Last year, the Department of Housing and Urban Development announced, with much fanfare and controversy, that the Federal Housing Administration would begin insuring mortgages that also carry liens created by the Property Assessed Clean Energy program, also called PACE.
But that was last year. Things are much different now.
On Thursday, HUD announced that the Trump administration is reversing the Obama administration’s decision to insure FHA mortgages with PACE liens.
In 30 days, the FHA will stop insuring mortgages on homes that also carry PACE liens.
Through the PACE program, homeowners can obtain financing to make improvements to their homes to increase the home’s energy efficiency.
Under programs like PACE, single-family energy retrofit financing programs can be structured to make loans through the homeowner’s property tax assessment and require that borrowers repay their loans as part of their property tax bill, but in some states the PACE liens are given super priority status above the home’s mortgage.
But the FHA is concerned about the impact of the PACE liens.
“FHA is concerned about the potential for increased losses to the Mutual Mortgage Insurance Fund due to the priority lien status given to such assessments in the case of default,” FHA said in its letter to mortgagees.
“FHA is also concerned with the lack of consumer protections associated with the origination of the PACE assessment, which are far less comprehensive than that of traditional mortgage financing products,” FHA continued. “FHA’s involvement with accepting properties with PACE assessments may indirectly help to overshadow potential consumer abuses.”
In its announcement, HUD said part of the decision to reverse the Obama administration’s decision on PACE loans is to “protect the health” of the FHA’s flagship fund, the Mutual Mortgage Insurance Fund.
Last month, HUD announced that the key figure in the health of the MMI Fund, its capital ratio, remained above the Congressionally mandated threshold of 2%, but declined in fiscal 2017 from where it was last year.
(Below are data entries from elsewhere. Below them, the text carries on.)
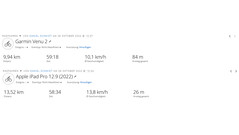 GNSS-testrit: samenvatting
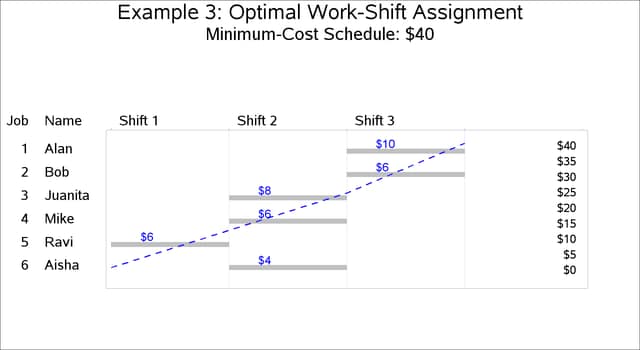 Work-Shift Schedule with Minimum Cost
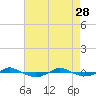 Reaves Point 0.4mi N tide chart for Friday, April 28, 2023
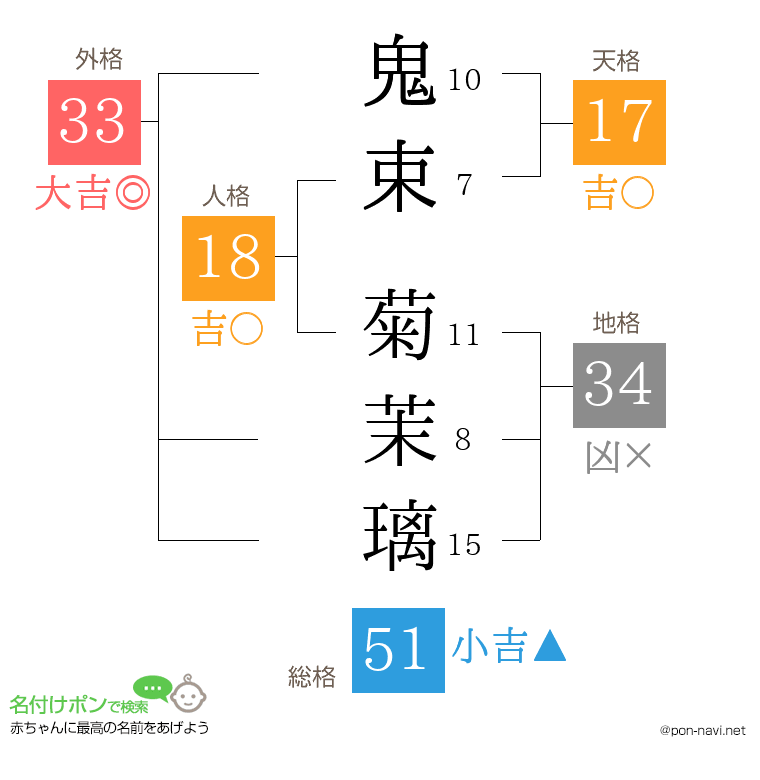 鬼束 菊茉璃さんの姓名判断結果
“FHA can no longer tolerate putting taxpayers at risk by allowing obligations like these to be placed ahead of the mortgage itself in the event of a default,” HUD Secretary Ben Carson said. “Assessments such as these are potentially dangerous for our Mutual Mortgage Insurance Fund and may have serious consequences on a consumer’s ability to repay, or when they attempt to refinance their mortgage or sell their home.”
In its announcement, HUD also said that FHA is “very concerned” about the outstanding loans that carry PACE obligations.
“The post-endorsement placement of these assessments on an FHA-insured mortgage creates a lack of transparency making it difficult for the agency to understand the true nature of the risks involved,” HUD said in the announcement. “In addition, such activity is risky for FHA borrowers and potentially violates the terms of their FHA-insured mortgage.”
The announcement stated that FHA “intends to monitor this carefully to determine whether further action is warranted” on the outstanding FHA loans with PACE liens.
The decision is a stark reversal from the Obama administration’s moves on PACE.
Under the Obama administration, HUD laid the groundwork for insuring FHA loans with PACE liens in 2015, when it announced its intentions to issue guidance that would preserve the priority status of FHA loans over liens created by energy retrofit programs.
Last year, when it announced the PACE changes, HUD said that PACE is an “effective way” to finance energy efficiency, renewable energy, water conservation, and other resilience upgrades to homes, including new heating and cooling systems, lighting improvements, solar panels, water pumps, and insulation.
The move was part a larger effort by the Obama administration to “expand access to clean energy technologies to every American family with the option to transition to solar energy and make improvements to their homes to cut their energy bills.”
But, the Trump administration has other plans.